We are expecting surge in global prices despite reports of higher production, as sugar is the cheapest major agriculture commodity. In February sugar will become part of commodity index, therefore, sugar will get bigger share in the weightage of index, which means increase in investment by institutional funds. So buying of sugar could be more due to speculative reasons rather than increase in consumption demand.
Gold $ 834:
While, the market witnessed Bull Run in the commodity market, demand for gold was seen for the second successive year as investors showed confidence in the yellow metal. Gold gained almost 25 percent during the year to close at $ 834.

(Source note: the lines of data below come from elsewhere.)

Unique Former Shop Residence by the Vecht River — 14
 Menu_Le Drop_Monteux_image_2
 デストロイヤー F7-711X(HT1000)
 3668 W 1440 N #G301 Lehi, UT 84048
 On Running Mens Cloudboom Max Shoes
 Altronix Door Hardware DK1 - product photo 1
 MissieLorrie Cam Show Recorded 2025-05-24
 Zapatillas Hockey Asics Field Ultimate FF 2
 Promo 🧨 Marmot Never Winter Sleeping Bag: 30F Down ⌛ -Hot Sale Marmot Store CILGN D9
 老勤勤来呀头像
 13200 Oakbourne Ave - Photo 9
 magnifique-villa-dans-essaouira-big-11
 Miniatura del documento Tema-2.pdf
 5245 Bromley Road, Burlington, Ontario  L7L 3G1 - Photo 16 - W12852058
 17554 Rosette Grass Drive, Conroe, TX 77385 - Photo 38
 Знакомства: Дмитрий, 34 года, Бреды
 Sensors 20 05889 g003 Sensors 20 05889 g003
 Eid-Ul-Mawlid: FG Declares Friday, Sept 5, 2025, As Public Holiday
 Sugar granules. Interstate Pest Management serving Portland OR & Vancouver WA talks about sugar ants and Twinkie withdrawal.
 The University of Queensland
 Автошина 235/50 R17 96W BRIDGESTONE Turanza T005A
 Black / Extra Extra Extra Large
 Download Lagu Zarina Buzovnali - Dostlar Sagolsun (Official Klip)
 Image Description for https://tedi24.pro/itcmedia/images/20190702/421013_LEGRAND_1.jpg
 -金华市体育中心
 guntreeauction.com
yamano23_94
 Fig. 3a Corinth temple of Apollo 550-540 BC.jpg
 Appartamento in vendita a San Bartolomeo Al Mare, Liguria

We believe that with US economy heading toward recession, precious metal will remain in area of focus for the investors. Since oil, gold and currencies are taken as a hedge against decline, demand for gold will persist. On the downside, Gold has minor support at $ 785 with major support at $ 760. Our target on break of $ 880 is $ 925.
Currencies:
Euro 1.4650
We remain bearish for Dollar and do not expect ECB to cut rates aggressively, as inflation remains their major concern. Slowdown of European economy could force a 25 basis point cut, but overall Euro will be a net gainer. Needs to clear 1.4940 convincingly for the next big rally, as our target is 1.5480. Historically Dollar has the tendency to bounce back in January or February, so those who missed out the rally earlier can join the bandwagon. Euro has resistance at 1.4420, which should hold. A break here encourages for 1.4020, which we are expecting in the later half of the year.
GBP 1.9840:
Since sign of slump in the UK housing market became evident, BOE was quick to act by slashing its rates. We are expecting couple more rate cuts, but Cable has already lost 1300 pips, so it has strong support at 1.9550 which should hold and follow other major currencies. Needs to clear a close above 2.0180 for another feeble attempt towards 2.0620. Should struggle to clear convincingly for a fall to 1.9050.
JPY 111.55:
Yen gain was seen in the last quarter of 2007, which was best in 2 years, breaching 110 briefly before bouncing back, as speculators rushed to avail carry trade opportunity. Yen's strength was more due to Dollar's weakness rather than strong economic recovery in Japan. However, with FED cutting its rates aggressively, carry trade opportunities are thinning down. Yen has strong support at 114.80, should hold for a rally towards 106.40, a correction could occur before another attack towards 102-103 zones.